In questo modo le regioni si trovano improvvisamente gravate di un nuovo compito che prima era di competenza dello Stato acquisiscono a pieno titolo anhe competenze di ambito comunale e provinciale senza peraltro un'adeguata formazione. Tutto questo si è trascinato negli anni con evidenti aumenti dei costi sanitari. La scelta della riforma federalista nasce quindi da un esigenza sociale pratica; gli Italiani secondo un'indagine condotta dal Censis relativa all'anno 2002, si dicevano favorevole all'attribuzione alle Regioni della responsabilità totale in materia di sanità, in quanto convinta degli effetti positivi che se ne potranno ottenere: 56,3%. La restante parte riteneva per contro che gli effetti di tale decentramento avrebbero avuto conseguenze negative: un maggior costo da parte dei cittadini di alcune Regioni soprattutto al Sud, storicamente vincolate ad un regime di sussidiarietà.

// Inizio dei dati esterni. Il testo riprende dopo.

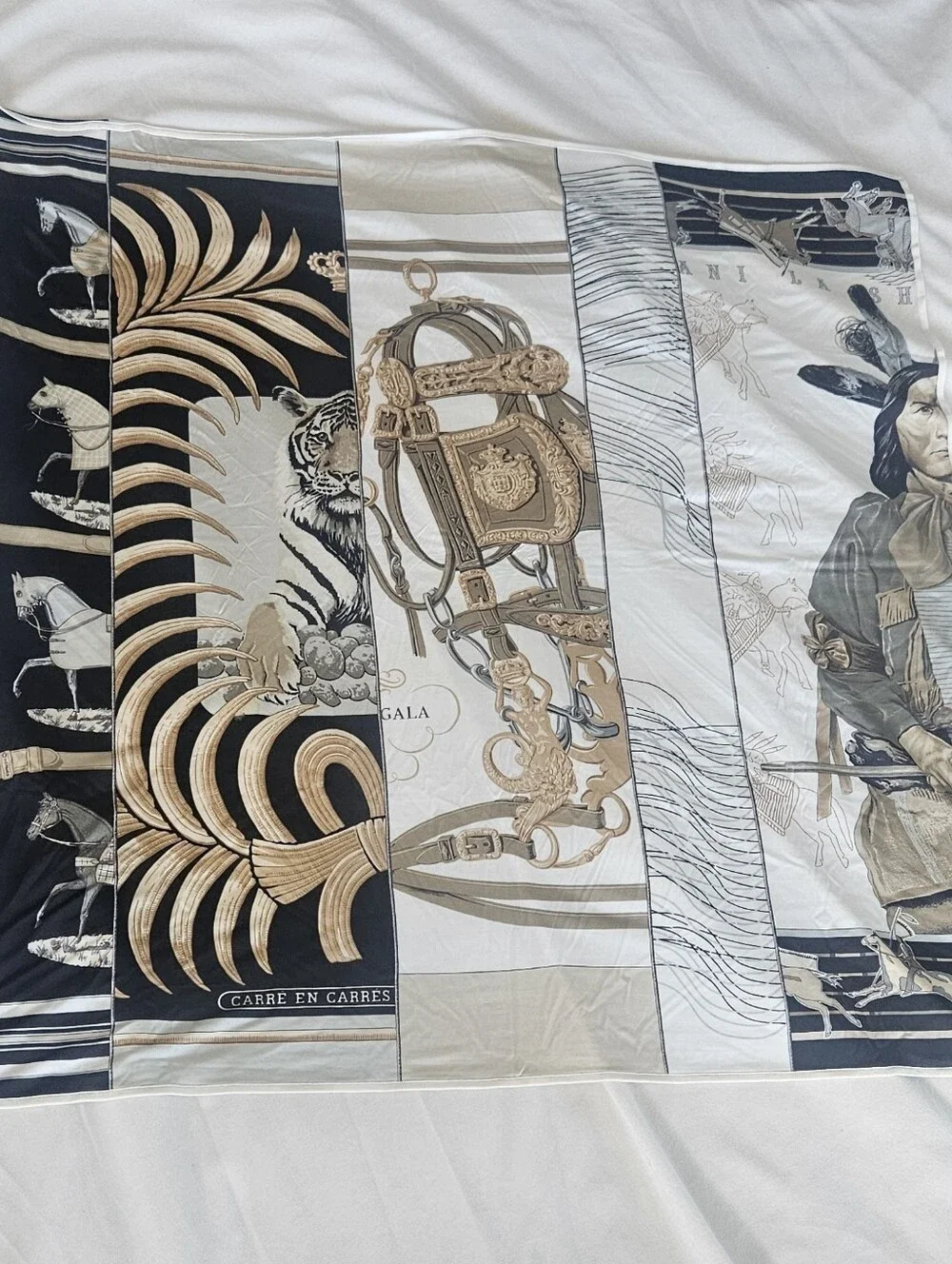 Hermes Authentic Carre En Carres Silk Jersey 90 By Bali Barret New In Box/Tag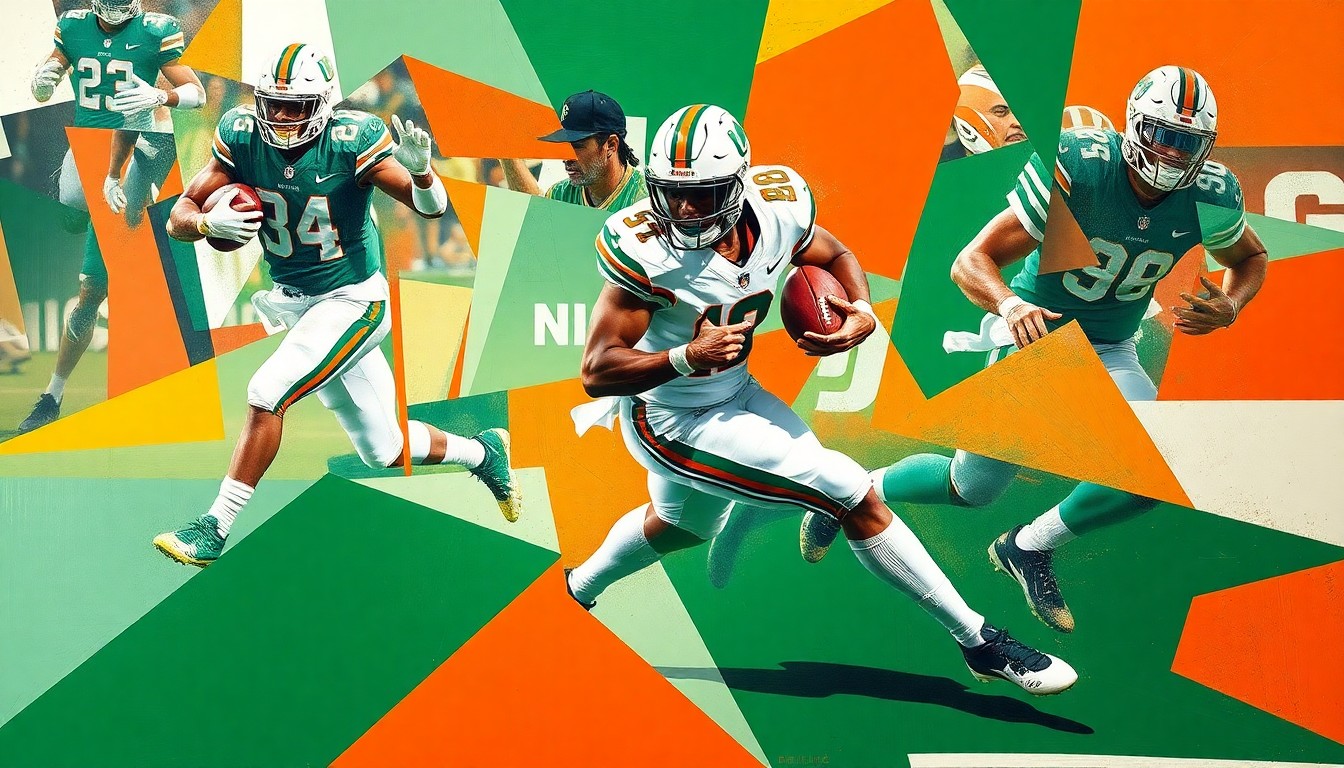 A fragmented, geometric painting depicting a football player in motion, with sharp planes of color representing the multifaceted nature of evaluating a prospect's draft stock beyond just on-field performance.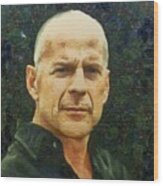 Portrait Of Bruce Willis Wood Print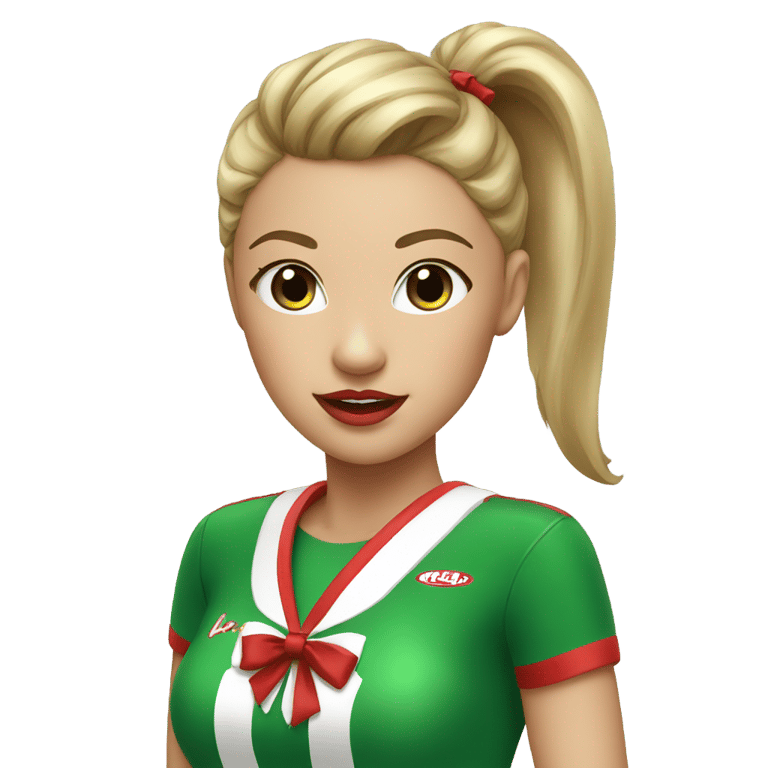 絵文字：A cheerleader with a high ponytail a green bow a green uniform and red lipstick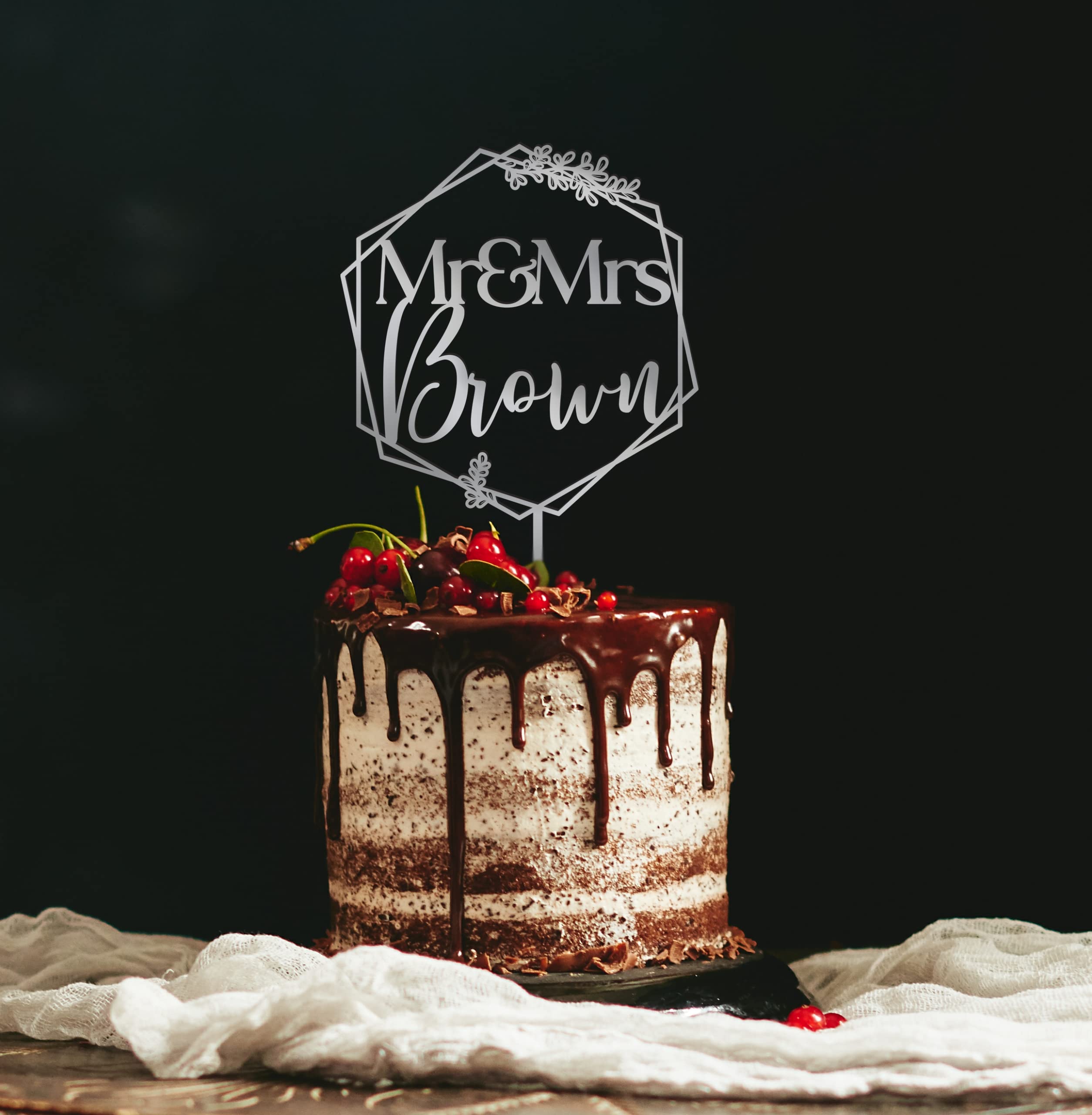 Custom Wedding Cake Toppers - Personalized Mr & Mrs Cake Topper with Elegant Script - Perfect for Wedding Cakes, Anniversary Celebrations & Bridal Showers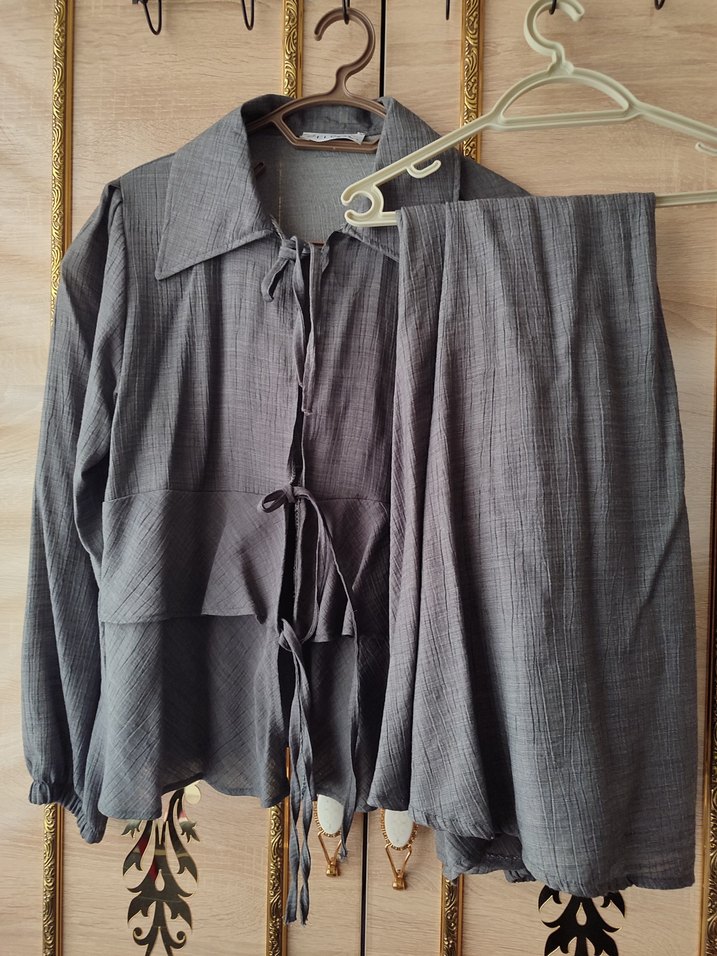 Gri Kadın Uzun Keten Elbise - Görsel 4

L’articolo 117 attribuiva inizialmente alle Stato competenza esclusiva in materia di organizzazione sanitaria nel rispetto dell’articolo 32 della Costituzione, mentre alle Regioni restava il compito di “emanare .. norme legislative.. in materia di assistenza sanitaria e ospedaliera….”.
Nel 2002 la riforma “La Loggia" del Titolo V della Costituzione introduce il concetto di legislazione ripartita. Lo Stato e le Regioni, cioè, per le materie che non possono essere assegnate in modo totale e assoluto alla competenza esclusiva dell’uno o delle altre, potranno legiferare sempre in modo esclusivo, ma ciascuno per un preciso ambito. Lo Stato legifererà, sempre in modo esclusivo, in materia di tutela della salute (che nell’attuale è tra gli ambiti a legislazione concorrente), ma ogni Regione potrà organizzare il servizio sanitario come meglio crede. La riforma, tuttavia, forse per la sua affrettata e non condivisa
approvazione in fine Legislatura, che ha impedito una valutazione
approfondita. La principale carenze è stata individuata nella persistenza di una vasta area di competenze legislative concorrenti, fonte di molteplici conflitti demandati alla decisione della Corte costituzionale, con una conseguente
crescita esponenziale del contenzioso costituzionale.
Da ultimo il presentarsi sul panorama nazionale della crisi mondiale, che ha più riprese ha minato i capisaldi del mercato economico finanziaro costringendo a ripensare a nuove logiche, ha reso molto meno certo il principio di fattibilità proprio della riforma saitaria fin qui attuata.
Il federalismo secondo Cei e laicato cattolico nelle attuali condizioni politico-istituzionali, non garantirebbe il principio di sussidiarietà. questo comporterebbe dosi massicce di uniformità anche per i territori fiscalmente autosufficienti, rimettendo in moto un meccanismo centralistico che non farebbe crescere poteri e responsabilità, rendendo un servizio incerto al principio di solidarietà e dimenticando i pregi sistemici del principio di sussidiarietà. la garanzia dei livelli essenziali delle prestazioni su tutto il territorio nazionale verrebbero ipotecati. La strade appare quindi ancora molto lunga e solo le scelte politiche dei prossimi anni ci potranno dire se questa idea del federalismo sanitario avrà ragione di esistere.